== Task details ==
Your response should be an exact transcription of the data, images excluded.

== Provided data ==
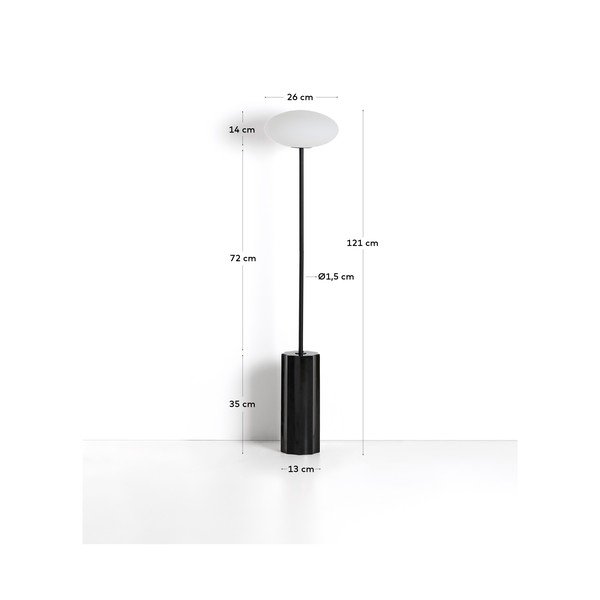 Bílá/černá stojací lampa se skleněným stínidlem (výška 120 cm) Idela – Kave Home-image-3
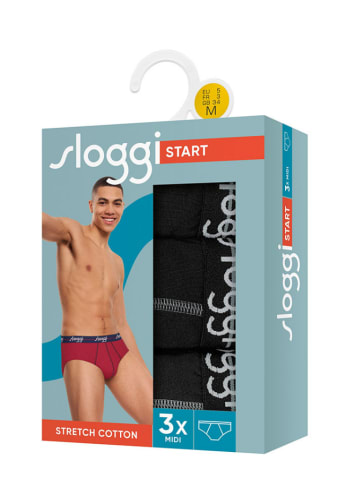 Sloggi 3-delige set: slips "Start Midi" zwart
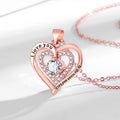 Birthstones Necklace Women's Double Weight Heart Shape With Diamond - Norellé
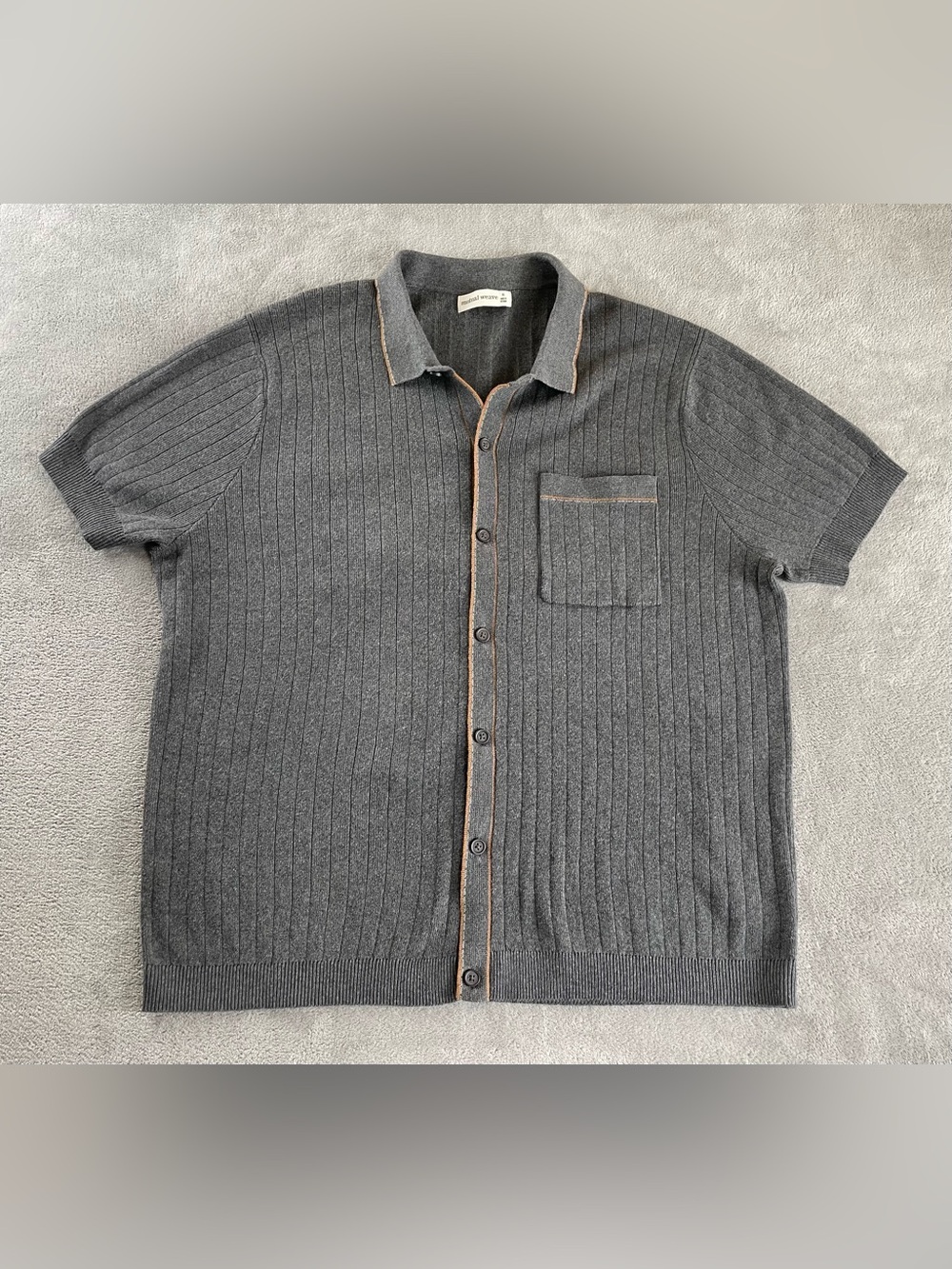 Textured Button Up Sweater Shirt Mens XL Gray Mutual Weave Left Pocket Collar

== Solution to the exercise ==
 Bílá/černá stojací lampa se skleněným stínidlem (výška 120 cm) Idela – Kave Home-image-3
 Sloggi 3-delige set: slips "Start Midi" zwart
 Birthstones Necklace Women's Double Weight Heart Shape With Diamond - Norellé
 Textured Button Up Sweater Shirt Mens XL Gray Mutual Weave Left Pocket Collar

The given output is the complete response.